The Toyota Platz (Japanese:トヨタ・プラッツ, Toyota Purattsu) is a subcompact car that was manufactured in Japan by Toyota from 1999 until 2005, when it was replaced by the Belta. Designated by Toyota as the XP10 series, the Platz was also sold in export markets as either the Toyota Yaris or Toyota Echo. The "Yaris" and "Echo" names were also given to the export version of the related Japanese market Vitz hatchback, from which the Platz derives. In Japan, it was available at the Toyopet Store and the Netz Toyota Store dealerships.

== Etymology ==
The name "Platz" is German for "space" (as defined by "the interior room is spacious"). Only straight-four engines were fitted to the Platz, which was sold in Japan as a four-door sedan only. A two-door version was also available in North America where the car was badged "Echo".

== History ==
The Platz was introduced in 1999 as a four-door sedan sold internationally, with a two-door version exclusive to North America following for the 2000 model year. The Platz is closely related to the Vitz hatchback with which it shares front doors, a common interior and mechanical componentry. The running gear is also shared to a lesser degree with the ist and bB, sold in the United States as the Scion xA and xB respectively, and the JDM-only WiLL Vi. The same platform is the base for the JDM-only Probox and Succeed wagons.
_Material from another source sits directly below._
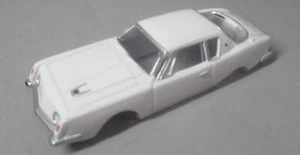 "NEW" AW T JET REL 34 '63 WHITE STUDEBAKER AVANTI HO SLOT CAR BODY - Picture 1 of 3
In the United States, the Echo sold almost 50,000 units in its first year, with just half that many in 2003. The Echo was an element of Toyota Project Genesis, a failed effort to bring younger buyers to the marque in the United States. The Echo sold in high volumes in Canada, where Toyota also offered the three- and five-door hatchback versions of the Vitz badged as the Echo beginning with the 2004 model year to replace the two-door Echo (which was dropped after 2003). The two-door remained on sale in the United States until the 2005 model year along with the four-door, while the hatchback variants were never sold there. It was the predecessor to the current North American Yaris, sharing many identical features, such as the odd (and somewhat controversial) center placement of the speedometer and gauges, as opposed to in front of the steering wheel. Power options on the Echo are a rare find; most models are equipped with manual windows and locks, air conditioning, and a six-speaker audio system with a CD and/or a cassette player.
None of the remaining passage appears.